Quote all of the data exactly as given. Skip every picture it contains.

*** DATA SECTION ***

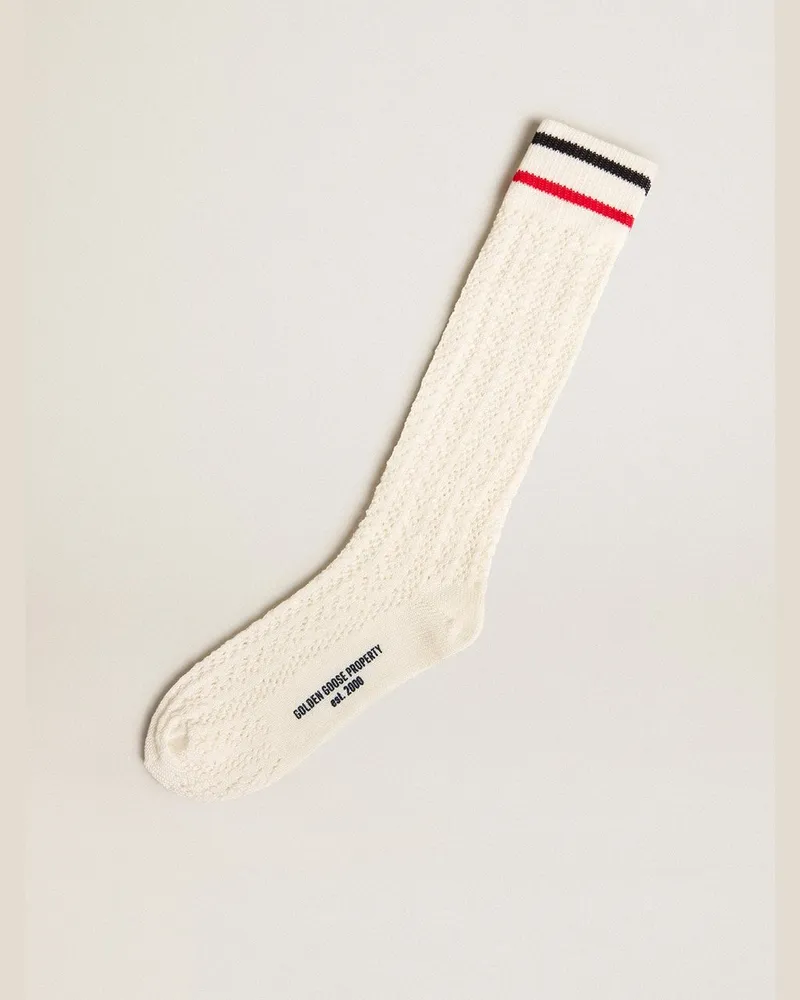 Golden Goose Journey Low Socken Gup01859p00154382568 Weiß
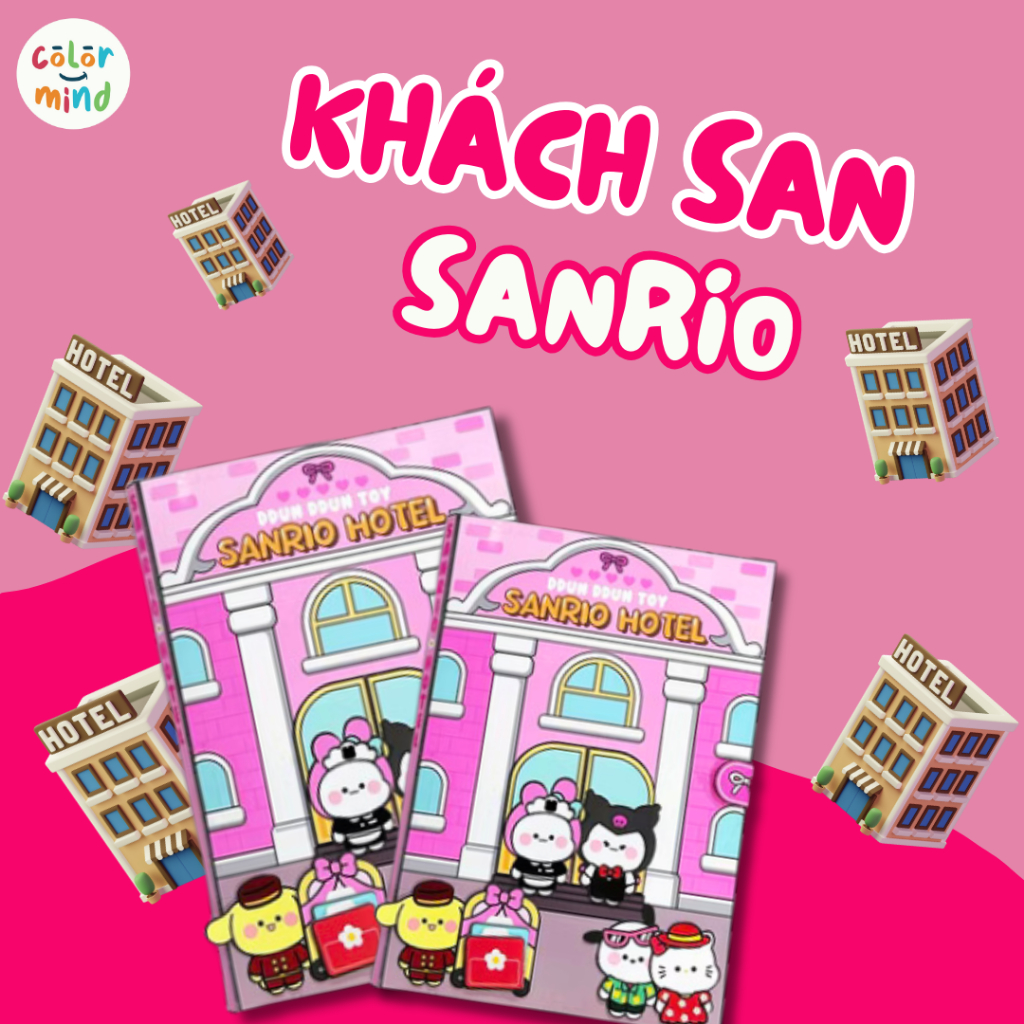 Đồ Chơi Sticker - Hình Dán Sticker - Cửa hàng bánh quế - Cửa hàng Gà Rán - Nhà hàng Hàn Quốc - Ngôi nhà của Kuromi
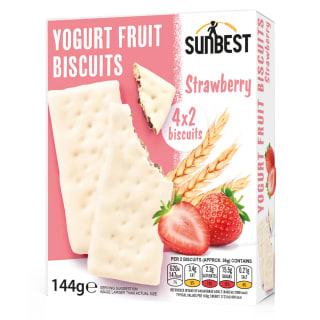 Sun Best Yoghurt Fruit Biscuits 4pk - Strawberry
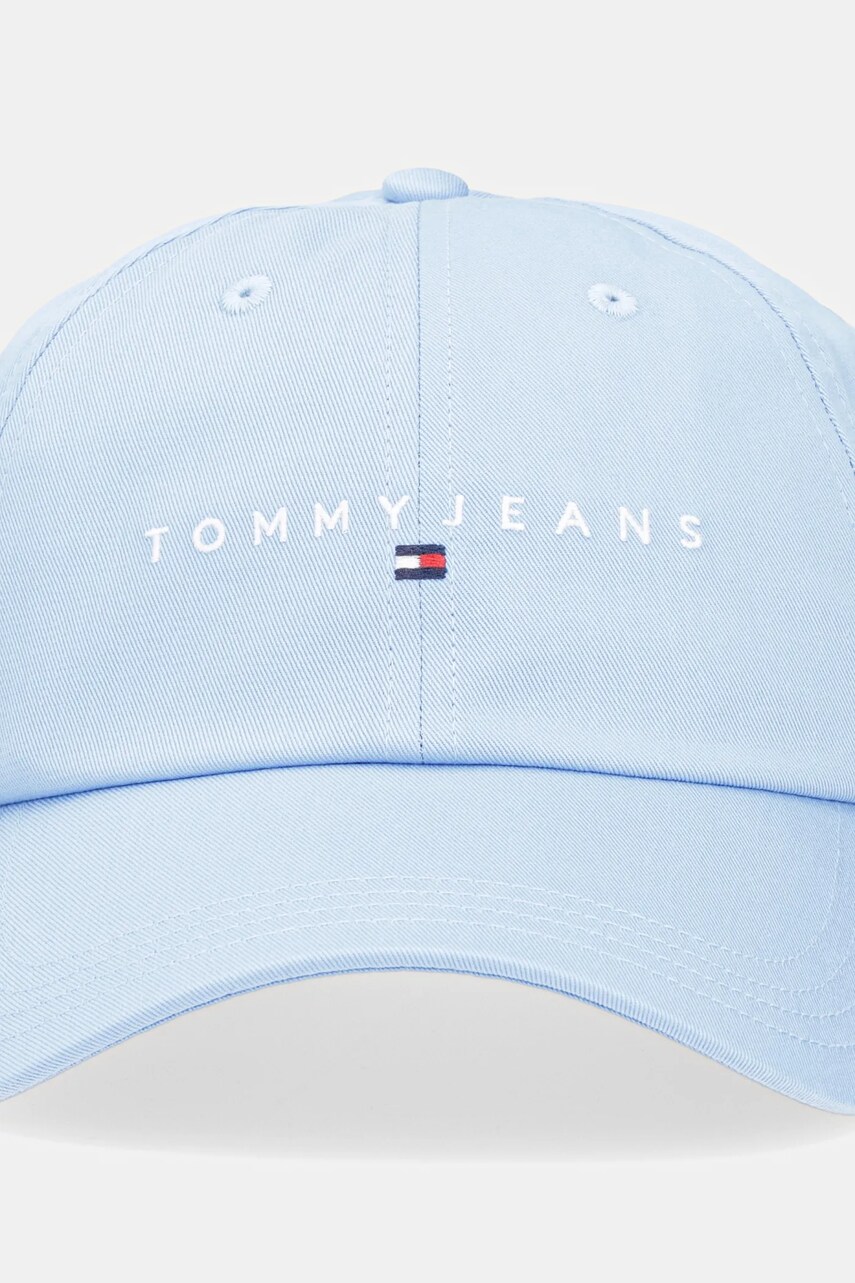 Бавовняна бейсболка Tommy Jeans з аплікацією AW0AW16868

*** End of DATA SECTION ***

» **REPLY TO THE EXERCISE**:
 Golden Goose Journey Low Socken Gup01859p00154382568 Weiß
 Đồ Chơi Sticker - Hình Dán Sticker - Cửa hàng bánh quế - Cửa hàng Gà Rán - Nhà hàng Hàn Quốc - Ngôi nhà của Kuromi
 Sun Best Yoghurt Fruit Biscuits 4pk - Strawberry
 Бавовняна бейсболка Tommy Jeans з аплікацією AW0AW16868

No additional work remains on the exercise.